The new law has a special rule for 2010, taxpayers can make retroactive IRA charitable donations in January 2011 and have them count toward 2010. Only four days remaining to make this donation.
- You must be at least 70 ½ years old.
- You must be subject to Required Minimum Distribution from your IRA.
- Money is transferred directly from your traditional IRA to approved charities. Rollovers from 403(b) plans, 401(k) plans, pension plans, and other retirement plans do not qualify.
- Annual donations cannot exceed more than $100,000 per individual. Amounts more than $100,000 will be added to taxable income.
- The rollover for 2010 must be completed before January 31, 2011. The rollover for 2011 must be completed between January 1, 2011 and December 31, 2011.
- If charitable deductions are not itemized. IRA rollovers especially benefit the nearly two-thirds of Americans who do not itemize deductions and therefore do not receive a tax benefit for their charitable contributions.
- If charitable gifts already exceed 50% and 30% limits of expected adjusted gross income for 2010. Donor can skip these limits and give more.
- If Social Security income is taxable. By avoiding the recognition of taxable income, the donor may have less of their Social Security income subject to income tax.
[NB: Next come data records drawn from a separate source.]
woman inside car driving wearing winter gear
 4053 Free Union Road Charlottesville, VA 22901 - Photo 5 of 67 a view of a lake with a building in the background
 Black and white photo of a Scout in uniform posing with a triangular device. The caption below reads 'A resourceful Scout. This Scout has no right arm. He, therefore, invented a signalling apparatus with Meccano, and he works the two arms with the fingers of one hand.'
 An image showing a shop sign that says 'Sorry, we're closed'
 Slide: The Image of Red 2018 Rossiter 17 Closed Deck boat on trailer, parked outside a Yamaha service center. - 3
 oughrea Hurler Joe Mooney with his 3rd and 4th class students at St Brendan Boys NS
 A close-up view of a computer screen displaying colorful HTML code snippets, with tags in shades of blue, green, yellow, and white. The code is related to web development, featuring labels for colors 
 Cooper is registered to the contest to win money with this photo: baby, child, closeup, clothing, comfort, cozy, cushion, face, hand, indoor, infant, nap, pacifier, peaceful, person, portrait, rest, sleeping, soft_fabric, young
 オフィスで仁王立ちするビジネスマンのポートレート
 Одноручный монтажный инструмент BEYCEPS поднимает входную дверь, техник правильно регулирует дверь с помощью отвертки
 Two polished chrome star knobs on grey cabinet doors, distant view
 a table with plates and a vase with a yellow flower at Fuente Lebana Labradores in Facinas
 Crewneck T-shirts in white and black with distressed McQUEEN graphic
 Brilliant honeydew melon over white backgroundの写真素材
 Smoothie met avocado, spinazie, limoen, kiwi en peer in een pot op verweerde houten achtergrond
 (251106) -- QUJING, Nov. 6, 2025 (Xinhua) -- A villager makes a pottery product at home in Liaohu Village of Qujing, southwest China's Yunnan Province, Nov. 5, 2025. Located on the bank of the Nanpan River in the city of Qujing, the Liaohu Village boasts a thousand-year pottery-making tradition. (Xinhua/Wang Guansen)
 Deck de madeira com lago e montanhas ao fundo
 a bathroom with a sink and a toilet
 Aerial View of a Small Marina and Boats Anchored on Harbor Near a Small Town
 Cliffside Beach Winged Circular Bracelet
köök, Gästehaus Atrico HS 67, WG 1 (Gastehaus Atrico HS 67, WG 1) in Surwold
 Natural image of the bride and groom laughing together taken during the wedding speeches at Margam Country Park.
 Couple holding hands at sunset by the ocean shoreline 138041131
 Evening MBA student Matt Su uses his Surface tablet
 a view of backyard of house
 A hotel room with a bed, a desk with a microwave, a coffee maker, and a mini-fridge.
- Taxpayers who are forced to take required minimum distributions from their IRAs but don't really need that income without having to count that money on their tax return.
- Residents of Ohio, Indiana, Michigan New Jersey, Massachusetts or West Virginia. These states provide no income tax break for charitable contributions. Consequently, they will save income by giving from their IRA instead of from their checking account.
- Residents of Ohio of other states whose State Return starts with carrying over the federal Adjusted Gross Income from Form 1040. Excluding the IRA charitable donation will reduce your state taxes.
- Future Estate Tax implications. The combination of estate and income taxes on IRA assets can produce an effective tax rate of up to 80%. The Charitable IRA rollover exclusion gives individuals the opportunity to remove up to $100,000 of these assets from their estate with no tax consequences. Spouses can rollover up to $100,000 as well if qualified.